* **Problem to solve**: The lines wanted are those in the data below that include "with".

* **Data provided**:
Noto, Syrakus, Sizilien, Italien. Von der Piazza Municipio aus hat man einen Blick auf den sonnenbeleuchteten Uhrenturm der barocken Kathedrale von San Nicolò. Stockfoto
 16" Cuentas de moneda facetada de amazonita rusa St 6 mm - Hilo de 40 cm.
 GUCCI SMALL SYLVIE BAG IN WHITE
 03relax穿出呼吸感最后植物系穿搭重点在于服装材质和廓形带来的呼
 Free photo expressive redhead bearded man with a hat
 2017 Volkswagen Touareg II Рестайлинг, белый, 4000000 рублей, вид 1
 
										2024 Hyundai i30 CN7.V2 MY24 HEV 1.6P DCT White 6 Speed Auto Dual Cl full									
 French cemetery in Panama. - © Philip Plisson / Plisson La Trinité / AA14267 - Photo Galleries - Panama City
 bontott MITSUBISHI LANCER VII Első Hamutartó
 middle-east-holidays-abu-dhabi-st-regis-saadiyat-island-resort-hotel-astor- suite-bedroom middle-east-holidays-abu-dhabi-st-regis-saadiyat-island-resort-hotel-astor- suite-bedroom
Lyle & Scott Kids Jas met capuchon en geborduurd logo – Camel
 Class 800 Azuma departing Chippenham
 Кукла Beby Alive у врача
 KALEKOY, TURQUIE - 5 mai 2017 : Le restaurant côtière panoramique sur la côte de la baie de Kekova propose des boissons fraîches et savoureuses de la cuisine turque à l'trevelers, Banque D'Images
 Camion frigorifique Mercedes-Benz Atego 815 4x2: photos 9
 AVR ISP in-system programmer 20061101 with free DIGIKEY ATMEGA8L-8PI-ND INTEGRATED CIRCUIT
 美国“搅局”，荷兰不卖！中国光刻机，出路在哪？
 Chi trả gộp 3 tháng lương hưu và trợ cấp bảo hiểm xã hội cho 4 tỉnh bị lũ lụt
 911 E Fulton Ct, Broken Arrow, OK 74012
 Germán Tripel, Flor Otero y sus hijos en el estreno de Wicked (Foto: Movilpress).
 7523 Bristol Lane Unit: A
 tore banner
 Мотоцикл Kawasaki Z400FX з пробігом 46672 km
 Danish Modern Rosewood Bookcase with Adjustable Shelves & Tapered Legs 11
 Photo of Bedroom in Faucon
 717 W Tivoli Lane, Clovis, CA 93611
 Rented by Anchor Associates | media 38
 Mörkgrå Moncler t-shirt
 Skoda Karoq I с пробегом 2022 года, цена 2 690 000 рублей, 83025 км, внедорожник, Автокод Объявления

* **Reply to the exercise**:
 Free photo expressive redhead bearded man with a hat
 AVR ISP in-system programmer 20061101 with free DIGIKEY ATMEGA8L-8PI-ND INTEGRATED CIRCUIT
 Danish Modern Rosewood Bookcase with Adjustable Shelves & Tapered Legs 11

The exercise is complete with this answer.